◆ **ABOUT THIS EXERCISE**
Sift the listing for lines that hold the string "Blade" and pull them out.

◆ **RECORDS PROVIDED**
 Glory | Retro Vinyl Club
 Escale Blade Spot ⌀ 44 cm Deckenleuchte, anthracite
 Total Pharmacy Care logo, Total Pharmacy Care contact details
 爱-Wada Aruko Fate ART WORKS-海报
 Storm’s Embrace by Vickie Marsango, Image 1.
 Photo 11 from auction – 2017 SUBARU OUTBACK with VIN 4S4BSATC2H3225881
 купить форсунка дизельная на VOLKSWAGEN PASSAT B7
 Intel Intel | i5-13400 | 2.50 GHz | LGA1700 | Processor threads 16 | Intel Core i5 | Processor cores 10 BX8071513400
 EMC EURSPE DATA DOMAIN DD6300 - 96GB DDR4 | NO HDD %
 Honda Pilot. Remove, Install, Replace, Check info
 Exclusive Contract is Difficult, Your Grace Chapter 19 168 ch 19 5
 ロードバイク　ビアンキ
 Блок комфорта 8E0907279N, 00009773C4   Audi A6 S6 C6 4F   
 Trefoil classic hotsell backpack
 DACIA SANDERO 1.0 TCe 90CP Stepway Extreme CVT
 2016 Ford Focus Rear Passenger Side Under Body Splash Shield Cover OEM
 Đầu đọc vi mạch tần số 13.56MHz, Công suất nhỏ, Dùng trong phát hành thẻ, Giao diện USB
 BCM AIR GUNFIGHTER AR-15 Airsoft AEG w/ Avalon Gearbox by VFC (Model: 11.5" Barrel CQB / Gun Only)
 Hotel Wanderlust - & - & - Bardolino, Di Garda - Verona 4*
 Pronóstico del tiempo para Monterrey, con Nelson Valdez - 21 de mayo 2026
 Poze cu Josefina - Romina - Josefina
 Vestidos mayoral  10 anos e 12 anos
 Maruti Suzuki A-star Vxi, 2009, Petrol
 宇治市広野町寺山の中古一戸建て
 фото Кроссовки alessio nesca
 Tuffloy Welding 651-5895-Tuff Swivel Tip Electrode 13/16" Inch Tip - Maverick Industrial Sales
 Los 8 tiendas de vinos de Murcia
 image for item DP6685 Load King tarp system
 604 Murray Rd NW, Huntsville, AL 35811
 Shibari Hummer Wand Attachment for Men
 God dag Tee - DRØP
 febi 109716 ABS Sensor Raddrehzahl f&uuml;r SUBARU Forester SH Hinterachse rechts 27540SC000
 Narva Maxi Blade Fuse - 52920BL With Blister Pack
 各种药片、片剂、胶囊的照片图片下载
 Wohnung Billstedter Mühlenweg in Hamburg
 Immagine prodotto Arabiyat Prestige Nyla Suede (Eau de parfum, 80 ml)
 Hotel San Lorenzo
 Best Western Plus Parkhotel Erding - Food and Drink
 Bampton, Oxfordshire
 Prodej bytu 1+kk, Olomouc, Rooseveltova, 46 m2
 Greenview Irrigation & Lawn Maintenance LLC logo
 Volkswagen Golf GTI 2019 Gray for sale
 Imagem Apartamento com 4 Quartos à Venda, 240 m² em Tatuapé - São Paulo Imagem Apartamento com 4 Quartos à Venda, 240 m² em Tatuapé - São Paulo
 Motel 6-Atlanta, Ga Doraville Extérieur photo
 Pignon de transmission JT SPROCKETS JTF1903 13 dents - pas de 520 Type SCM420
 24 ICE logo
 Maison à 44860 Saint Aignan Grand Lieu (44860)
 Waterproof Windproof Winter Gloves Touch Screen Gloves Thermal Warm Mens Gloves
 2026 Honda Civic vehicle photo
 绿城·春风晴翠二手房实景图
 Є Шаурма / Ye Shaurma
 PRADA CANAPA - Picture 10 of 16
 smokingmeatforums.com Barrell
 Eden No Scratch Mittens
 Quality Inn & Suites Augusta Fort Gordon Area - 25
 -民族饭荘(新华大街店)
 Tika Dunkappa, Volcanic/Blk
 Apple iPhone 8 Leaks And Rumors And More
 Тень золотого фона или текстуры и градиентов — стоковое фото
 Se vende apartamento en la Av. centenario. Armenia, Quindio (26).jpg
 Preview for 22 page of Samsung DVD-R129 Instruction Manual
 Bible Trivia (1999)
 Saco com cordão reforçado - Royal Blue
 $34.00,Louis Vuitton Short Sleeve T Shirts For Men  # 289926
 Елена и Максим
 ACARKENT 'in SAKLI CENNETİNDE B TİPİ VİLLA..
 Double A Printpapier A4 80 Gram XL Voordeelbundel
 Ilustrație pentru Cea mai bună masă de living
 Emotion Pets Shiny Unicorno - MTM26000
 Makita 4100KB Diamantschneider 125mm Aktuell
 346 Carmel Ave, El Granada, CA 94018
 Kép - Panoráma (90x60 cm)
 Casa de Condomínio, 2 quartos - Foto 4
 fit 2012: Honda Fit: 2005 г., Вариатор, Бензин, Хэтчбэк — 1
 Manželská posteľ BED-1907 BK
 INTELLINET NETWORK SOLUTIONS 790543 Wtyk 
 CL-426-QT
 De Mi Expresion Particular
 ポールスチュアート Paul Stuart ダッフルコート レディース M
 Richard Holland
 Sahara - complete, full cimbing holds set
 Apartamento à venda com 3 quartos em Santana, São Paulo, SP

◆ **YOUR SOLUTION**
 Escale Blade Spot ⌀ 44 cm Deckenleuchte, anthracite
 Narva Maxi Blade Fuse - 52920BL With Blister Pack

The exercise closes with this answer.